How international labour standards are promoted through trade policy and trade agreements

News | 20 May 2019
Marva Corley-Coulibaly, Chief of the Globalization, Competitiveness and Labour Standards unit in the ILO Research Department, participated in a stakeholder event on the modernised EU-Mexico Global Agreement.

Her intervention focussed on how international labour standards can be promoted through trade policy and specific trade agreements, such as the EU-Mexico Global Agreement.

Labour provisions in trade agreements are used by partner countries to set framework conditions for decent work. They are a governance tool and refer to labour commitments in a trade agreement, but they are also a cooperative tool for dialogue on labour issues, as well as capacity building of essential institutions.

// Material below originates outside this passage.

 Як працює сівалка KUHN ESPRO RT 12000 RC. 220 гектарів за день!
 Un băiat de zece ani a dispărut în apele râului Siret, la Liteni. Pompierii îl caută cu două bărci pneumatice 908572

The EU-Mexico trade agreement includes a reference to the 1998 ILO Declaration on Fundamental Principles and Rights at Work, the ILO Decent Work Agenda, the 2008 ILO Declaration on Social Justice for a Fair Globalization and the effective ratification and implementation of the ILO Fundamental Conventions. Some important changes have been made to the agreement, including the addition of elements of occupational safety and health as well as labour inspectorates.

Ms Corley-Coulibaly also provided insight into how the ILO engages with partner countries in trade agreements, through providing technical assistance and strengthening their capacity to adhere to obligations in labour provisions. In the case of Mexico, ILO’s means of action along with trade leverage, have fostered the recently passed labour reforms that ensure legitimate collective representation, which is in line with the ratification of the Right to Organise and Collective Bargaining Convention, 1949 (No. 98).

Finally, the ILO’s supervisory mechanism provides monitoring and follow-up of some labour practices in partner countries, most notably the fundamental conventions.